§ **Exercise aim**
Only the lines from the one containing "신전떡볶이 동래점 이미지" through the end of the entries are wanted, retyped exactly and without pictures.

§ **Short text fragments from websites**
#####

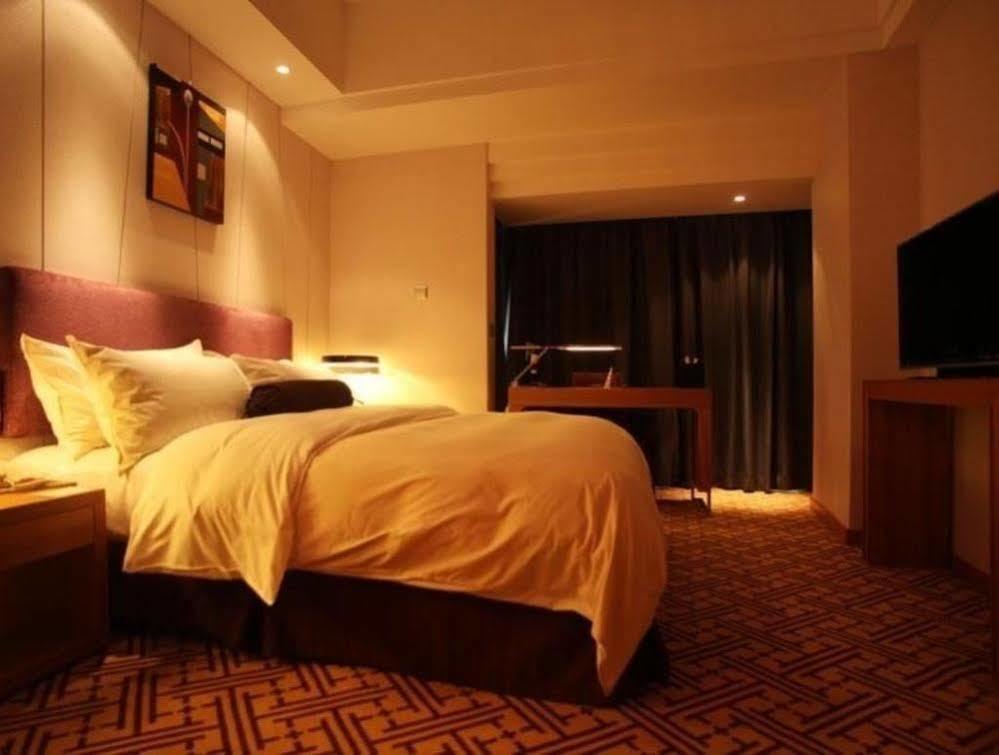 Youngor Leidisen Hotel Suzhou  Buitenkant foto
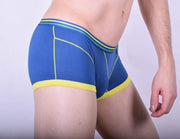 Private Structure Private Structure Mini-Boxer QI Trunks Blue 3172 80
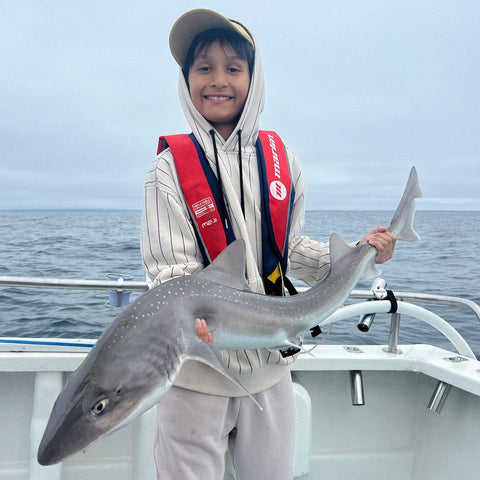 Shared Kids Fishing Charter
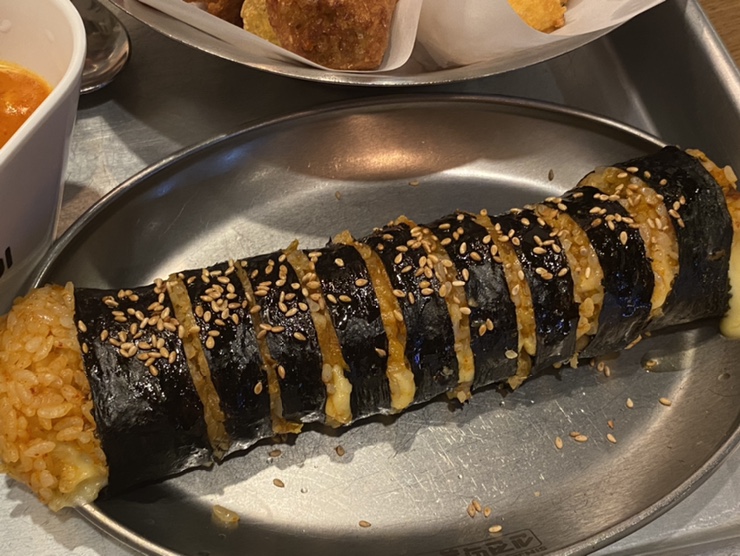 신전떡볶이 동래점 이미지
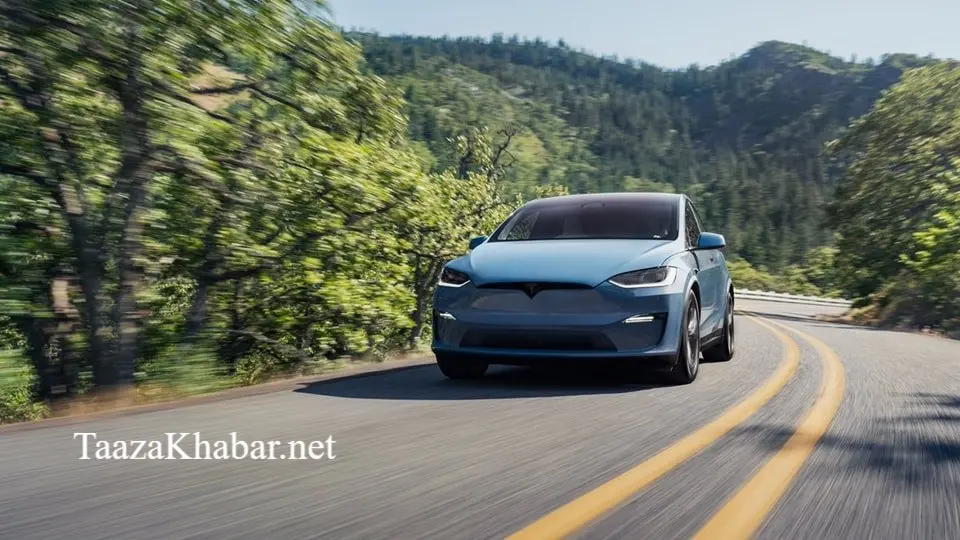 Tesla S and X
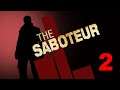 The Saboteur - 2 - Goggles A Paizano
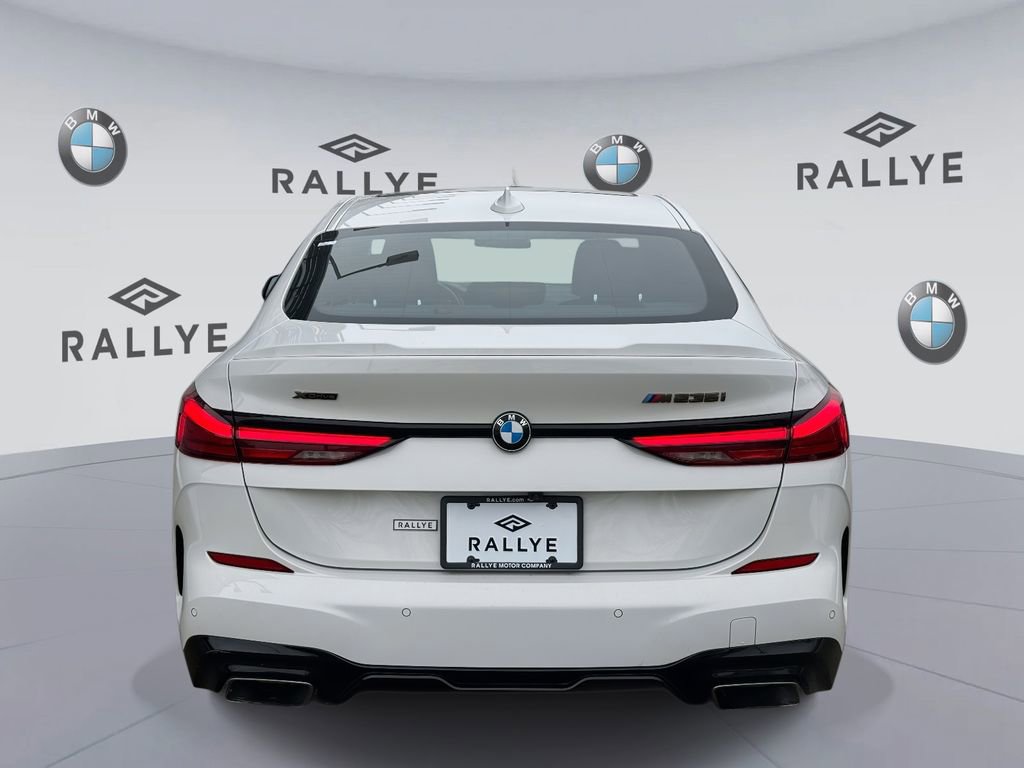 Certified 2024 BMW M235i xDrive Gran Coupe w/ Premium Package image 8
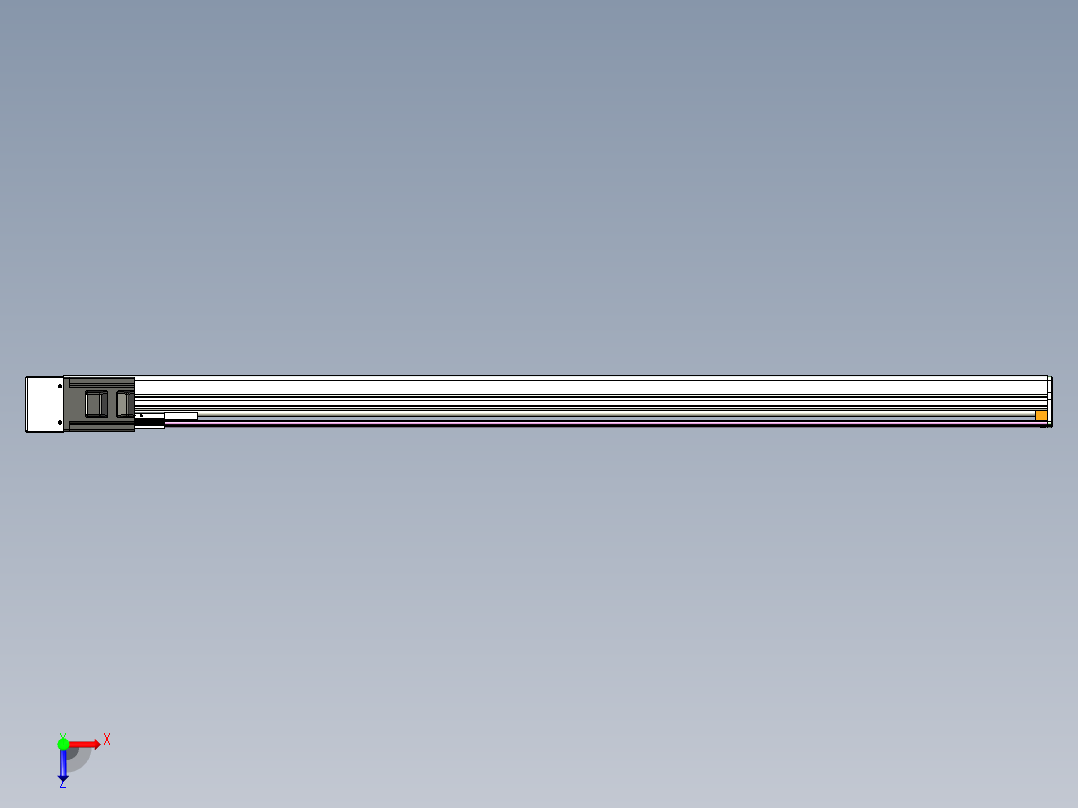 威洛博VF6-L16-C-S900-BR-P20-C4俯视图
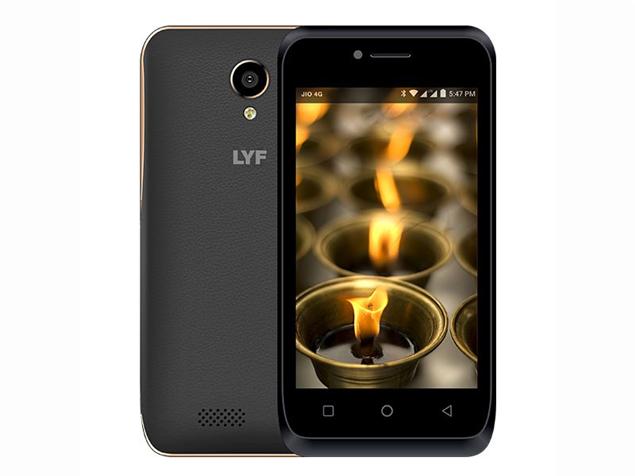 Lyf Flame 6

#####

§ **Answer section**
 신전떡볶이 동래점 이미지
 Tesla S and X
 The Saboteur - 2 - Goggles A Paizano
 Certified 2024 BMW M235i xDrive Gran Coupe w/ Premium Package image 8
 威洛博VF6-L16-C-S900-BR-P20-C4俯视图
 Lyf Flame 6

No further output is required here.